Nimbusv1.0.0

Backup Guide

Scheduled tar+zstd snapshots of services, templates, controller config, the state-sync store, and the database — with GFS retention, integrity verification, and one-command restore.

The Backup module (shipped with Nimbus 0.9.1+) snapshots all stateful Nimbus data to local .tar.zst archives on a cron schedule, prunes them with a grandfather-father-son retention policy, and lets you restore from the dashboard, console, or REST API.

What it backs up

Six scope types, toggleable in config:

ScopeWhat it captures
servicesEach running group service's working directory
dedicatedEach dedicated service directory
templatesYour template library (templates/)
controller_configThe controller's config/ directory
state_syncCanonical state-sync store (services/state/)
databaseThe Nimbus database (SQLite via VACUUM INTO, MySQL via mysqldump, Postgres via pg_dump)

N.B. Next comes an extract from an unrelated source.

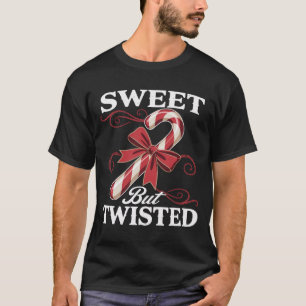 Camiseta Feriado de Natal de Cane Doce Doce Mas Torcido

A single backup now run produces one archive per target — e.g. a backup with all six scopes and three running services produces nine archives, each independently verifiable and restorable.

Install

Like any other module, enable during first-run SetupWizard or install it live:

Nimbus console
modules install backup
shutdown
shutdown confirm

After restart:

Nimbus console
backup now --target templates
backup list
backup schedule list

Archives live under data/backups/ by default. One config/modules/backup/backup.toml is generated on first load with sensible defaults (hourly / daily / weekly schedules, GFS retention budgets, common excludes for logs/, cache/, *.lock).

The 3–5× archiver

Nimbus ships its own archiver rather than shelling out to tar --zstd. The pipeline is in-JVM, streaming end-to-end, and multi-threaded:

File walk (NIO)
  → glob-filter excludes (PathMatcher)
  → TarArchiveOutputStream (Apache Commons Compress)
  → ZstdOutputStream (zstd-jni) — setWorkers(N), setCloseFrameOnFlush(false)
  → BufferedOutputStream (256 KiB)
  → atomic .tmp → final rename

Why this beats a subprocess by 3–5× in practice:

  • Native multi-threaded compression. zstd-jni honours libzstd's parallel compressor when compression_workers > 0. Coreutils tar pipes into the single-threaded zstd binary.
  • No fork/exec per run, no stdout pipe stage, no platform-tar exclude-flag quirks.
  • Single-pass SHA-256. Each file's hash is computed while the bytes stream through the archiver; a subprocess pipeline would need a second filesystem read.
  • 256 KiB upstream buffer keeps the compressor saturated on Minecraft worlds with thousands of tiny region files.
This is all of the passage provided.